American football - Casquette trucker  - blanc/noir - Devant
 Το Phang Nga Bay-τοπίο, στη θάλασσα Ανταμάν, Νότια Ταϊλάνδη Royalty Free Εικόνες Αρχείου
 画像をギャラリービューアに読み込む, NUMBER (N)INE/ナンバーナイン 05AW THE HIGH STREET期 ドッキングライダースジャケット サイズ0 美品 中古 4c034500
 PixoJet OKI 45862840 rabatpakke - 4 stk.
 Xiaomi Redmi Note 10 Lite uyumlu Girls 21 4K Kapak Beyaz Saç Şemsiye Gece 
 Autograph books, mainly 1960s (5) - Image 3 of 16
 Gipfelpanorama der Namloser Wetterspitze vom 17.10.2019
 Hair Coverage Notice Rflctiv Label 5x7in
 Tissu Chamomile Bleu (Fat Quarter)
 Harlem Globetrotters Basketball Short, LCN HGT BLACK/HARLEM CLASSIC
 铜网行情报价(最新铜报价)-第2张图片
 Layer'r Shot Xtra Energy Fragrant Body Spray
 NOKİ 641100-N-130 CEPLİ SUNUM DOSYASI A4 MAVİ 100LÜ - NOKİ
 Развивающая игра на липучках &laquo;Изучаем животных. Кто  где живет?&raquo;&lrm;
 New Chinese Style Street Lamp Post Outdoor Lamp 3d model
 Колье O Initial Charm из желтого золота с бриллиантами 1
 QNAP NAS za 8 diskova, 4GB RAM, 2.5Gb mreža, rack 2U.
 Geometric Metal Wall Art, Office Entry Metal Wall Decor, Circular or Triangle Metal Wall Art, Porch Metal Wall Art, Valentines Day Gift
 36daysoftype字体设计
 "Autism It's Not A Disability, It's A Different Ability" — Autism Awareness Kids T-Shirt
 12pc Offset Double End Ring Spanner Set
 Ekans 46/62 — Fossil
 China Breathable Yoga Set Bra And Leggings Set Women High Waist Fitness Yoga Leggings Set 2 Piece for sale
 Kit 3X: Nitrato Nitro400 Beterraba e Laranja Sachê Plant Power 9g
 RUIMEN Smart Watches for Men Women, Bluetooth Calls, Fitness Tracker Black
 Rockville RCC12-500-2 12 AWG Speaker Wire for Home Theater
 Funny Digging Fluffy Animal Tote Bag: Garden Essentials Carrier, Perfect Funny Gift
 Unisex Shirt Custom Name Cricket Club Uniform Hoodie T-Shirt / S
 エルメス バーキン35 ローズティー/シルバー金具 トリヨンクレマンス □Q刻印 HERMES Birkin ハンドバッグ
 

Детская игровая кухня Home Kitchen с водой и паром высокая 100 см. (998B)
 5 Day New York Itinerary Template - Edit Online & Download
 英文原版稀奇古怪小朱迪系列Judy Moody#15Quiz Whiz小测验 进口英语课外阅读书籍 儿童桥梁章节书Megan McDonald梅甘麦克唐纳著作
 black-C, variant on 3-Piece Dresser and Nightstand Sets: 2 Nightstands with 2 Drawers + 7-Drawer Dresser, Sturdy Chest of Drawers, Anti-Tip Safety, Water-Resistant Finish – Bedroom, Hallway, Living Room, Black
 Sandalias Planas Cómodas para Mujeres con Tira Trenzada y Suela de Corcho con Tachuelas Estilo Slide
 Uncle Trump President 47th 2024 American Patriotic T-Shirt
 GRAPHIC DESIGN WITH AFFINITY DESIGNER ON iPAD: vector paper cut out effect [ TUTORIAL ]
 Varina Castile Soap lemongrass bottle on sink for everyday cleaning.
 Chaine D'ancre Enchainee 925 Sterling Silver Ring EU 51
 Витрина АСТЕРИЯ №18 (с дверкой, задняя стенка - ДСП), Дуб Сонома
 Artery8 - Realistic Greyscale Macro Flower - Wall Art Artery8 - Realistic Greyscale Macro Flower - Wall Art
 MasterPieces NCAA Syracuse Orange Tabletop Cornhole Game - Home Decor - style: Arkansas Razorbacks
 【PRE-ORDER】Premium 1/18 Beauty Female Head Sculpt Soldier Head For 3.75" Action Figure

→ TASK BRIEF
Copy only the lines in the listing that contain "Fitness".

→ RESPONSE AREA
 China Breathable Yoga Set Bra And Leggings Set Women High Waist Fitness Yoga Leggings Set 2 Piece for sale
 RUIMEN Smart Watches for Men Women, Bluetooth Calls, Fitness Tracker Black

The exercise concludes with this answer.